Keep to the lines from the one with "this 300×470 image." through the end of the data, and write them out exactly.

Referring expression grounding data
┌────────

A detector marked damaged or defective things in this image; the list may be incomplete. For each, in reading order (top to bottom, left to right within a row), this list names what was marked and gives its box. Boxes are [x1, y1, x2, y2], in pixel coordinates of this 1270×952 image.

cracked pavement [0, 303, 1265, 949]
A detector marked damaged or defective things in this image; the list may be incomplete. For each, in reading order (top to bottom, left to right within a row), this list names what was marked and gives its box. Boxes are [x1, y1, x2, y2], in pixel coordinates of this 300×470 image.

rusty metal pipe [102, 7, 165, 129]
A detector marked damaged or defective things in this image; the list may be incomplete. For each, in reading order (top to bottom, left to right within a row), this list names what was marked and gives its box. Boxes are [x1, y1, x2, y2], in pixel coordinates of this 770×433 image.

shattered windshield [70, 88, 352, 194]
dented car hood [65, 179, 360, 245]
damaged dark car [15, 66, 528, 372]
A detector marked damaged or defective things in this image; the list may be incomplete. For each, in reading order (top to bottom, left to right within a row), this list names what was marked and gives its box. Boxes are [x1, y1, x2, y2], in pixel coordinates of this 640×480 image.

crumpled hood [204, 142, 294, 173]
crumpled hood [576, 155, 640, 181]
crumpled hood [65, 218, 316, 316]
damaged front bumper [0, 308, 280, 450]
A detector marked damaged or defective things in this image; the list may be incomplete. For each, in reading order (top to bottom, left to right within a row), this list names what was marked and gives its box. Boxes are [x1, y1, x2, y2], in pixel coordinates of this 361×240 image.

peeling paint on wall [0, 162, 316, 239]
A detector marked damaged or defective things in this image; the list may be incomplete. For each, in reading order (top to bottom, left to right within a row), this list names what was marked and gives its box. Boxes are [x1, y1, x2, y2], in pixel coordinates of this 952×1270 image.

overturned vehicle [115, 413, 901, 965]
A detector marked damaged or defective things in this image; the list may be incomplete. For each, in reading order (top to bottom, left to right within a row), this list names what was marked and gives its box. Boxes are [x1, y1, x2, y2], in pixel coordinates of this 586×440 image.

└────────

> RESPONSE FOR THIS EXERCISE
A detector marked damaged or defective things in this image; the list may be incomplete. For each, in reading order (top to bottom, left to right within a row), this list names what was marked and gives its box. Boxes are [x1, y1, x2, y2], in pixel coordinates of this 300×470 image.

rusty metal pipe [102, 7, 165, 129]
A detector marked damaged or defective things in this image; the list may be incomplete. For each, in reading order (top to bottom, left to right within a row), this list names what was marked and gives its box. Boxes are [x1, y1, x2, y2], in pixel coordinates of this 770×433 image.

shattered windshield [70, 88, 352, 194]
dented car hood [65, 179, 360, 245]
damaged dark car [15, 66, 528, 372]
A detector marked damaged or defective things in this image; the list may be incomplete. For each, in reading order (top to bottom, left to right within a row), this list names what was marked and gives its box. Boxes are [x1, y1, x2, y2], in pixel coordinates of this 640×480 image.

crumpled hood [204, 142, 294, 173]
crumpled hood [576, 155, 640, 181]
crumpled hood [65, 218, 316, 316]
damaged front bumper [0, 308, 280, 450]
A detector marked damaged or defective things in this image; the list may be incomplete. For each, in reading order (top to bottom, left to right within a row), this list names what was marked and gives its box. Boxes are [x1, y1, x2, y2], in pixel coordinates of this 361×240 image.

peeling paint on wall [0, 162, 316, 239]
A detector marked damaged or defective things in this image; the list may be incomplete. For each, in reading order (top to bottom, left to right within a row), this list names what was marked and gives its box. Boxes are [x1, y1, x2, y2], in pixel coordinates of this 952×1270 image.

overturned vehicle [115, 413, 901, 965]
A detector marked damaged or defective things in this image; the list may be incomplete. For each, in reading order (top to bottom, left to right within a row), this list names what was marked and gives its box. Boxes are [x1, y1, x2, y2], in pixel coordinates of this 586×440 image.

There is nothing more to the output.